The first, or Burkle, case was disposed of by a stipulated judgment entered some months after the suit was filed. The judgment was in the principal amount of $50,000 and that amount, plus costs, was paid in full by the liability insurance carrier of the defendant.2
The second, or VW, case was disposed of by summary judgment in favor of the defendant that was entered after the district court had denied a motion filed on behalf of plaintiff under Fed.R.Civ.P. 60(b) to amend the stipulated judgment that had been entered in the Burkle case so as to reflect the alleged intention of plaintiff or his representative to preserve any existing right of action that plaintiff might have against VW.
The district court was of the opinion that plaintiff was not entitled to have the judgment in the Burkle case amended, and that the judgment in question, as written, precluded plaintiff from maintaining his action against VW.
Our No. 77-1205 is plaintiff's appeal from the order denying his Rule 60(b) motion in the Burkle case, and our No. 77-1206 is plaintiff's appeal from the summary judgment entered by the district court in the VW case.3
The procedural history of the litigation is involved and needs to be stated in considerable detail.
On June 15, 1968 plaintiff, William Clarke, Jr., a domiciliary of Connecticut and a minor at the time, was riding in a Volkswagen automobile that was being operated by George A. Burkle along Interstate Highway 80 near Avoca, Iowa.
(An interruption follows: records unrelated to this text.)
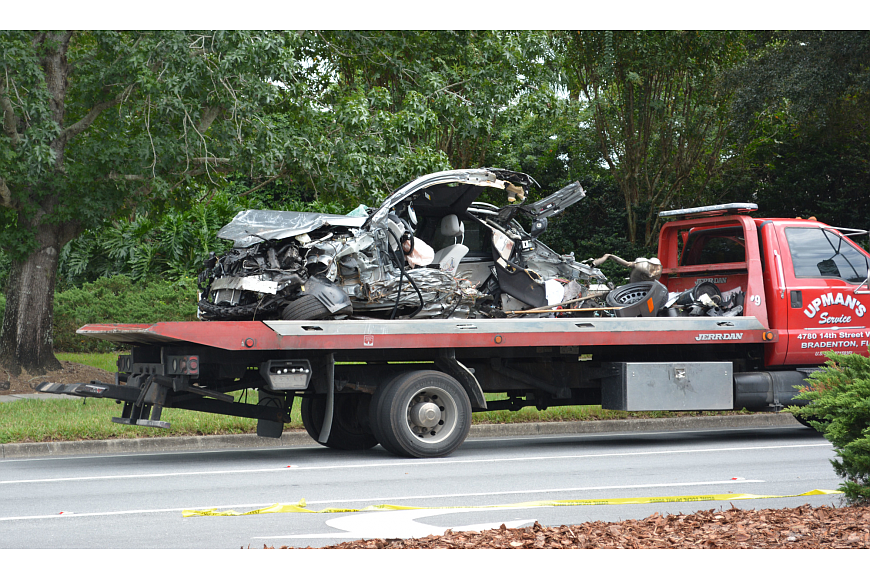 The vehicle separated into two pieces after crashing into a tree.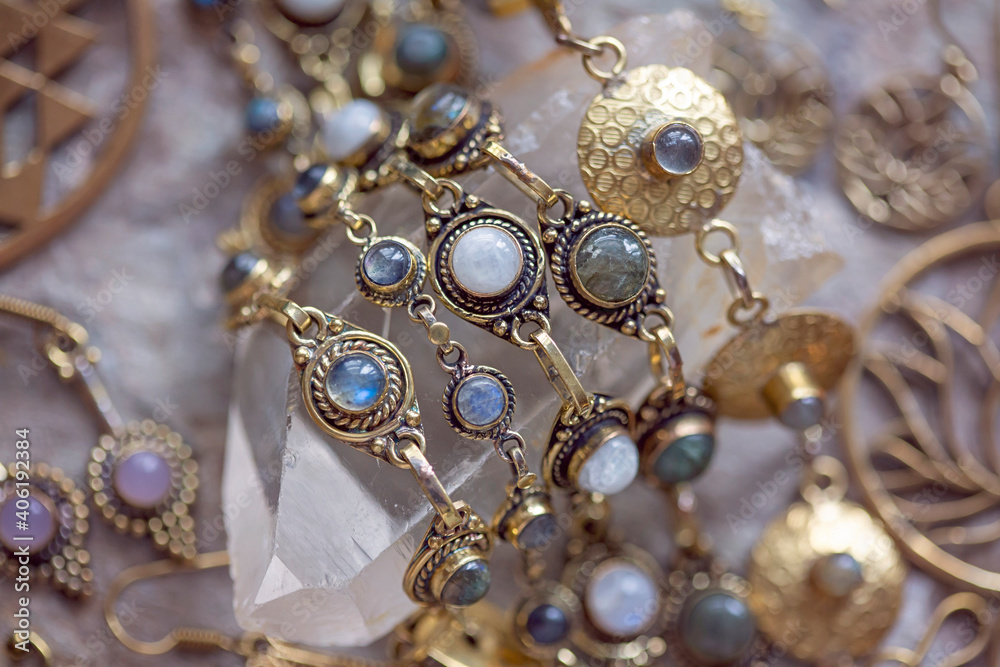 Brass jewelry with natural mineral gemstones on natural rocky background Brass jewelry with natural mineral gemstones on natural rocky background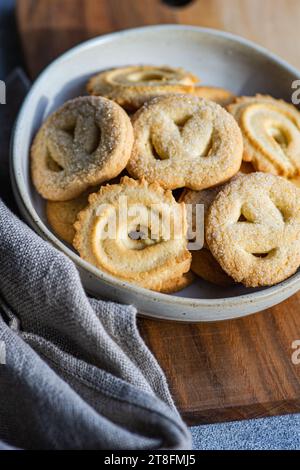From above fresh homemade baked butter cookies placed in a bowl on a wooden cutting board beside a gray napkin, set against a minimalist concrete back Stock Photo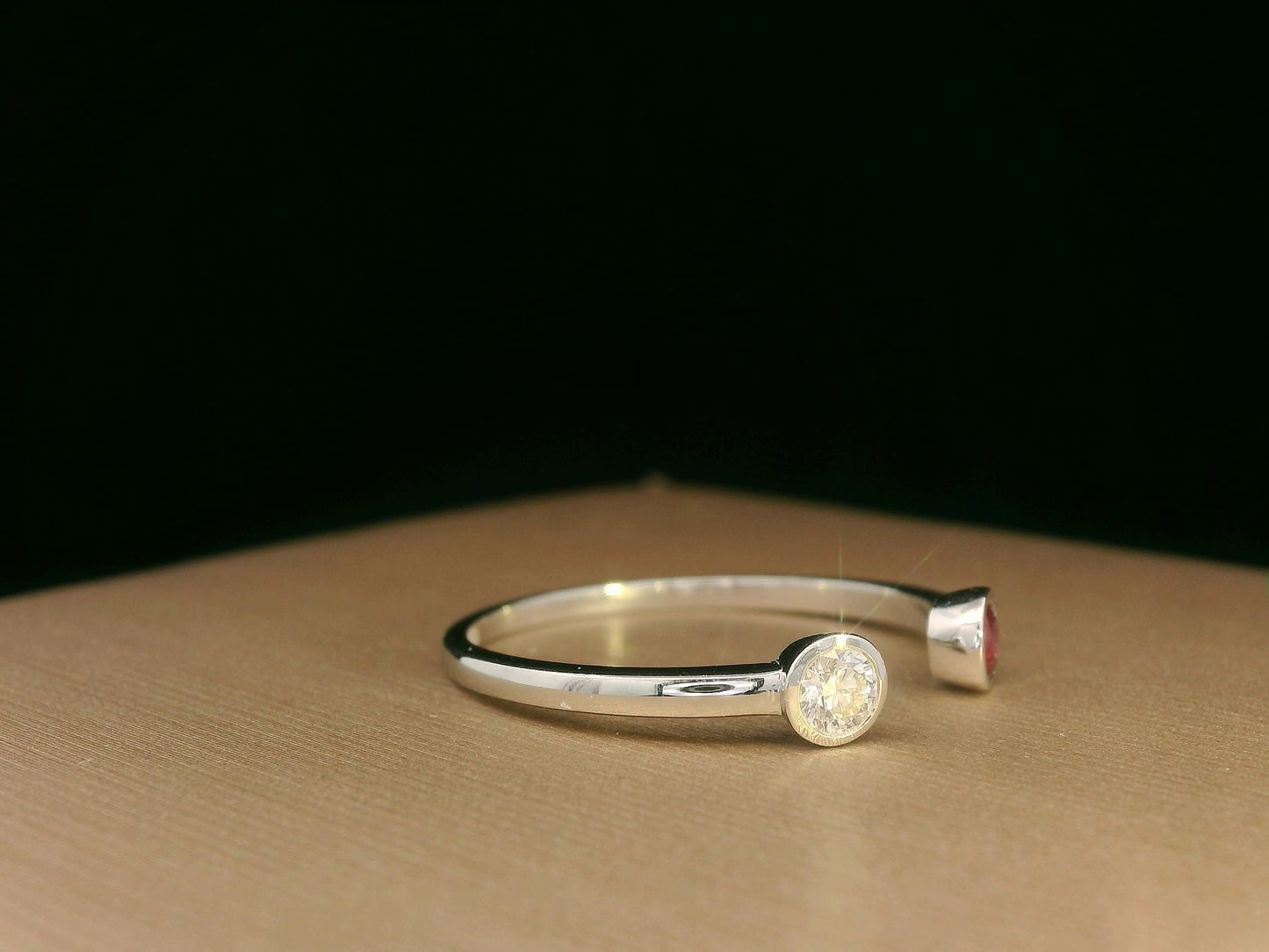 Ruby and diamond open ring in 18K white gold by Emirates Diamonds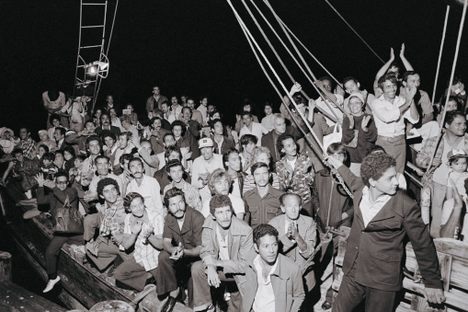 Cuban refugees wait for U.S. Immigration Service officials aboard the shrimp boat Big Babe at Key West, Florida.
Burkle lost control of the car which left the main travelled portion of the highway and overturned. As a result of the accident plaintiff has been rendered a quadriplegic and he may have become mentally incompetent. There is no question about the extent of his injuries, and it may be assumed that fair and reasonable compensation for those injuries would be a sum far in excess of the $50,000 that was paid in settlement of the Burkle case.
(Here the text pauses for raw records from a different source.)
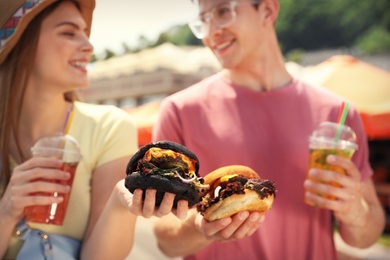 Photo of Young happy couple with burgers walking on city street, closeup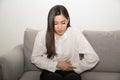 Asian woman having painful stomachache,Female suffering from abdominal pain.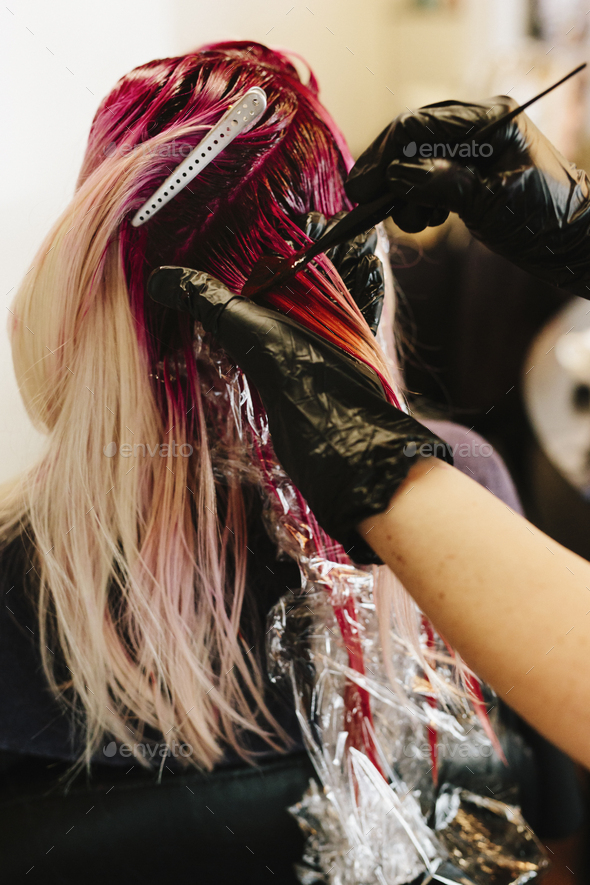 A hair colourist applying pink hair colour to a client's long blonde hair. Stock Photo by Mint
Plaintiff's father, a citizen of Connecticut, commenced this action in the district court as the next friend of his son on February 20, 1970.4 The complaint alleged that plaintiff's injuries had been directly and proximately caused by the recklessness and intoxication of Burkle; the injuries were described, and it was alleged that as a result of his injuries plaintiff had become incapacitated and permanently disabled. Damages in the sum of $1,000,000 were sought and plaintiff demanded a trial by jury.
On March 1, 1970 an answer was filed in which pleading Burkle denied liability and took issue as to damages. It seems to be undisputed that Burkle's insurance carrier assumed the defense of the suit, as it was required to do under its policy, and that Burkle's answer was prepared and filed by counsel for the insurance company.
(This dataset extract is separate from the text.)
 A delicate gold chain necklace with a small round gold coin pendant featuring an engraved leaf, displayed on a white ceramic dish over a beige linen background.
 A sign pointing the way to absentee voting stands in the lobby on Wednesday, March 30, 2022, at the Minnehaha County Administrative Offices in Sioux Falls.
After some discovery had been had, and obviously after negotiations had been conducted, a settlement was reached under the terms of which a judgment in the sum of $50,000, plus costs, was to be entered against Burkle, which judgment would be paid in full by Burkle's insurance carrier.
On November 16, 1970 the parties filed a formal stipulation for the entry of judgment which was signed by counsel on both sides. On the same day a precedent for judgment in favor of the plaintiff and against Burkle was signed by one of the judges of the district court. No hearing was held with respect to the propriety of the settlement, and it was never judicially approved except to the extent that the judgment was signed by a district judge.
On November 19, 1970 the insurance company paid off the judgment and counsel for plaintiff filed with the clerk of the district court a formal Satisfaction of Judgment which recited full payment thereof and authorized the clerk "to enter satisfaction of record of said judgment."
It will be noted that neither the stipulation for judgment, nor the judgment, nor the satisfaction of the judgment purported to undertake to preserve any rights of the plaintiff against any other party possibly liable to him as a result of the Burkle accident, although materials before us indicate that when the Burkle suit was filed, counsel for plaintiff was aware of the possibility of liability on the part of VW on a products liability theory and may have given some consideration to the filing of a separate suit against VW in Connecticut. In any event, VW was not joined with Burkle as a defendant in the 1970 suit, although such joinder would clearly have been proper.
It seems that in 1972 counsel for plaintiff attended a products liability seminar and learned that the model Volkswagen involved in the 1970 Burkle accident may have been improperly designed, and counsel may have concluded that plaintiff had a better case against VW than counsel may have thought in 1970.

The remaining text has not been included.